Tail Docking In Dogs

Tail Docking In Dogs

Docked dog tails

Over the last few decades there has been an ongoing debate about tail docking. Some people feel it is necessary, others think it's cruel. The BVA and the BSAVA have been campaigning against non-therapeutic tail docking for decades. In the past, certain breeds would traditionally have docked tails, for example, gundogs such as Weimaraners and Pointers, Rottweilers and some terriers. In 2006, tail docking was made illegal under the Animal Welfare Act. You don't see many dogs around these days with docked tails. Although it is illegal, there are some exceptions to the rule.

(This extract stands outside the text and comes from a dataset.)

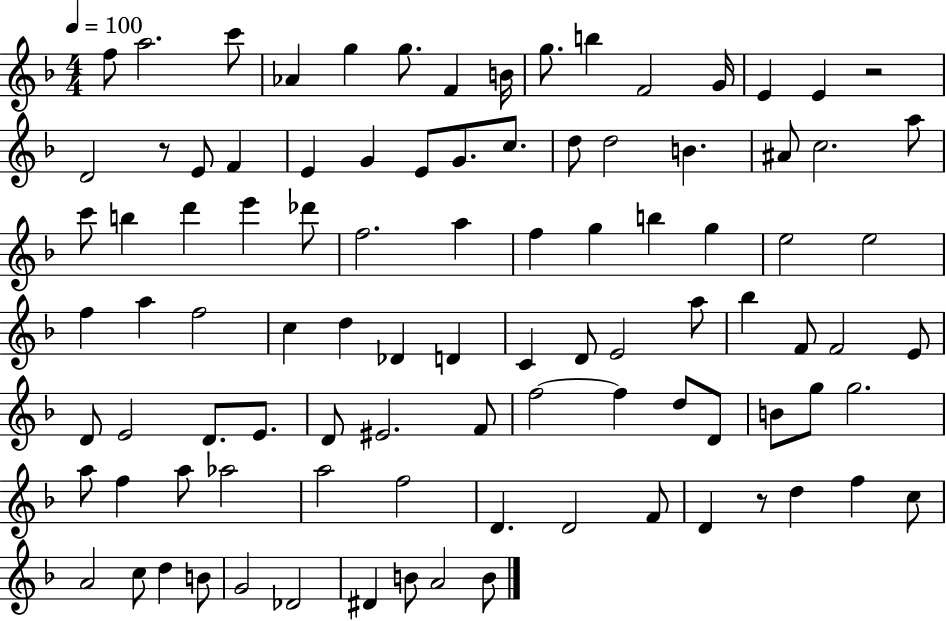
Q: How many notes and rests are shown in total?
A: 96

A dog is allowed to have a docked tail if it is for medical reasons, if they are born with it or if their owner can prove they are a working dog. Some people feel that working dogs are more likely to injure their tails because of the things they have to do whilst working. By having their tail docked they are less likely to catch it, cut it or even break it on things. Tail docking has been banned in England, Wales and Northern Ireland. Working dogs however can have docked tails, but there are some very strict rules. They need to have it done no older than five days old and it needs to be performed by a veterinary surgeon. If a vet agrees to dock a tail they need to check evidence proving that the dog is in fact a working dog. The owner or breeder must produce a letter from a land occupier verifying that the dog works on their land or have a gun licence. Once the tail has been docked the vet has to sign certificates which show the dog was docked and microchipped as the law states. You are also not allowed to show a dog with a docked tail in any dog shows where the public pay a fee to enter. Dogs convey a lot through their body language, and one of the key areas of their body they use for communicating is their tail. You can tell whether a dog is safe to approach by looking at the position and movement of their tail. Dogs use their tails to signal to other dogs whether or not they want them to approach. Dogs also use their tails to help them balance. As well as the welfare concerns that come with tail docking, these are also reasons why people feel dogs need their waggy tails.